Similarly, rather than splash the wort as it enters the fermenting vessel, you can agitate the vessel once the wort is collected. This simply means shaking your fermenter or carboy or using a whisk or drill attachment to aerate the wort in the fermenter. Again, it’s an easy way for homebrewers to introduce oxygen to their beer but there’s nothing precise about it.
Thirdly, you can use an ‘oxygen stone’. This is essentially a diffuser which you place in your beer and then use a pump and tubing to force oxygen into the wort. This works well to create a stream of small oxygen bubbles which will dissolve more efficiently into the wort. This method gives you a little bit more control over the process and is more efficient than splashing or agitation.
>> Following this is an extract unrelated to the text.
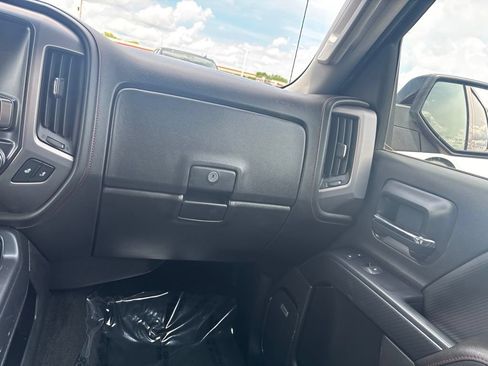 Used 2018 GMC Sierra 1500 SLT w/ All Terrain Package AWD/4WD image 17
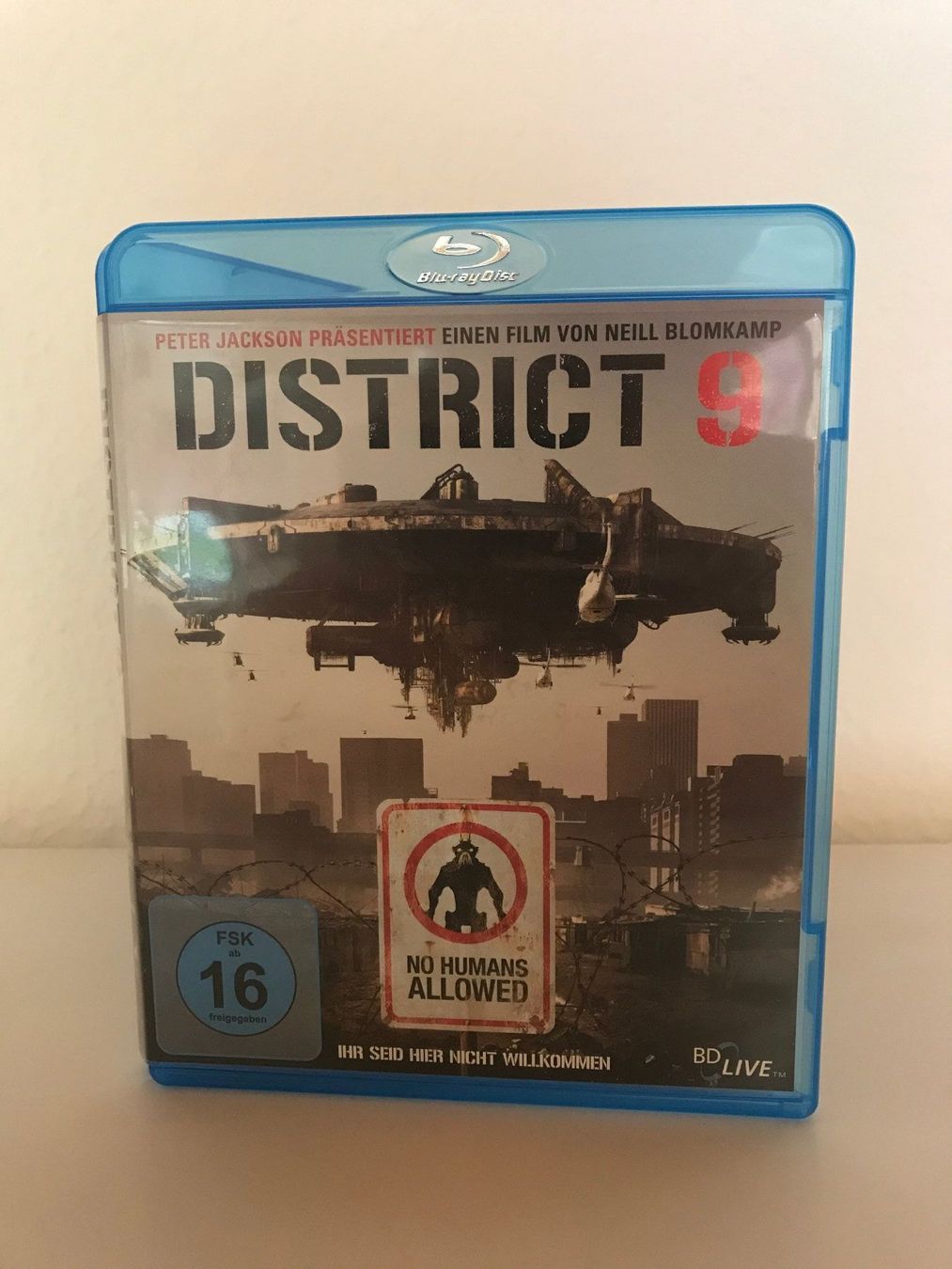 Tutti i DVDs: District 9 - bluray – Nuovo (secondo la descrizione) da Liestal venduto da Adam-Grey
A small pump and oxygen stone for aerating wort
Many homebrewers will also use tanks of pure oxygen with a diffuser (rather than an air pump). This is much more effective than relying on air, as oxygen only makes a small percentage of air (21%). This is probably the most controlled method of introducing oxygen to your beer short of an inline oxygen injection between the chiller and the fermenter, though this may be beyond the scope of the average homebrewer.
Other interesting aspects to look at (and possible experiments for the future) include the use of yeast hulls or ‘yeast ghosts’ to provide nutrients, detoxify the environment for the remaining yeast and provide unsaturated fatty acids and amino acids – potentially allowing the yeast to grow under anaerobic conditions. You could attempt to add a packet of yeast to your wort in the last 10 minutes of the boil, effectively killing the yeast but keeping their nutrient stores available for the yeast you pitch into your cooled wort.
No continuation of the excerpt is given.